SOURCE RECORDS:
* * * * * * *
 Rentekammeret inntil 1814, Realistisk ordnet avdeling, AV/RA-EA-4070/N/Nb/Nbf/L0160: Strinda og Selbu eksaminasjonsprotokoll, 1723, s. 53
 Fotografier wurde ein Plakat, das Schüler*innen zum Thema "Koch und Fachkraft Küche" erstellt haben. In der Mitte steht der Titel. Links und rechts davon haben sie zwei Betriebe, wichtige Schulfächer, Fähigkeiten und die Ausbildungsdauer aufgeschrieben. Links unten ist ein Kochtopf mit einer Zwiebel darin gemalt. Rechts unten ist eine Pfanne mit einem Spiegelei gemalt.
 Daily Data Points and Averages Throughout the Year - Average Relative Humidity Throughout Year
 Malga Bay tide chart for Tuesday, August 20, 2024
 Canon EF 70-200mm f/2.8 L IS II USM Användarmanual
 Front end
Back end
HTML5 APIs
* * * * * * *
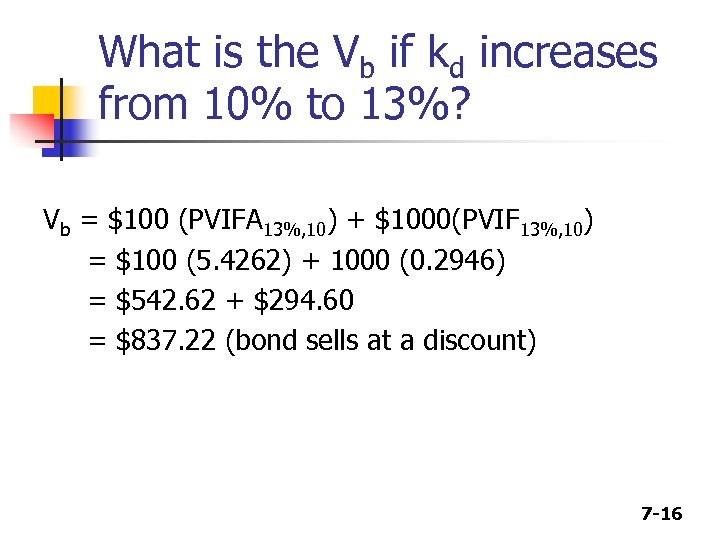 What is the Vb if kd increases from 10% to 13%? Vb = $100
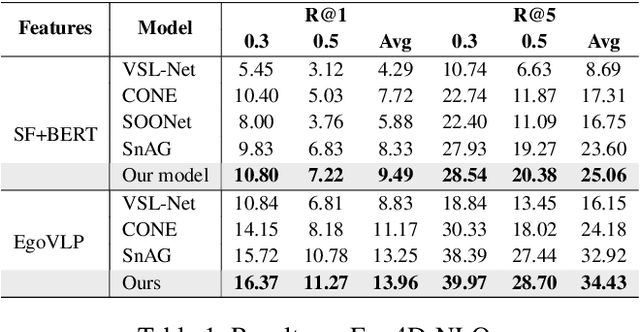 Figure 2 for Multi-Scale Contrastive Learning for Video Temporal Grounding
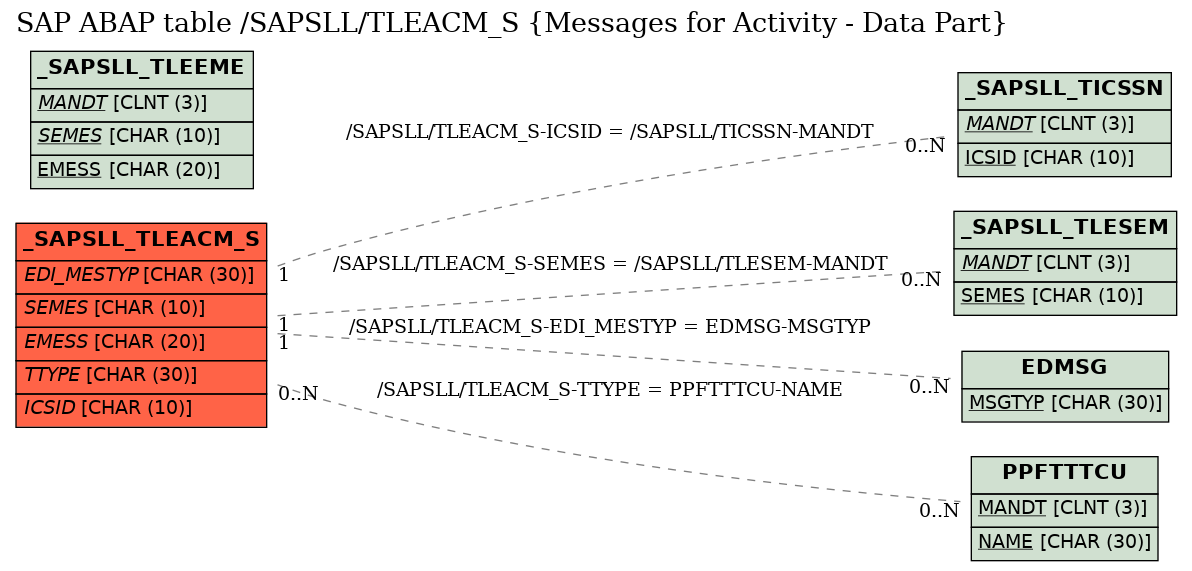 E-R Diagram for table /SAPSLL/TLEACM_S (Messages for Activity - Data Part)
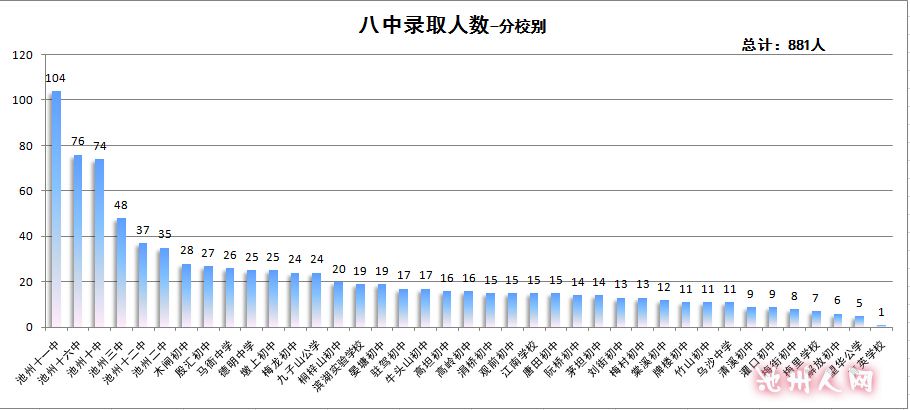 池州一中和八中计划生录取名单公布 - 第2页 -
* * * * * * *
YOUR TASK: Pictures aside, return exactly the lines from the data above, starting at the line that has "E-R Diagram for" and ending at the line that has "池州一中和八中计划生录取名单公布 - 第2页", both included.

SOLUTION FOR THIS EXERCISE:
 E-R Diagram for table /SAPSLL/TLEACM_S (Messages for Activity - Data Part)
 池州一中和八中计划生录取名单公布 - 第2页 -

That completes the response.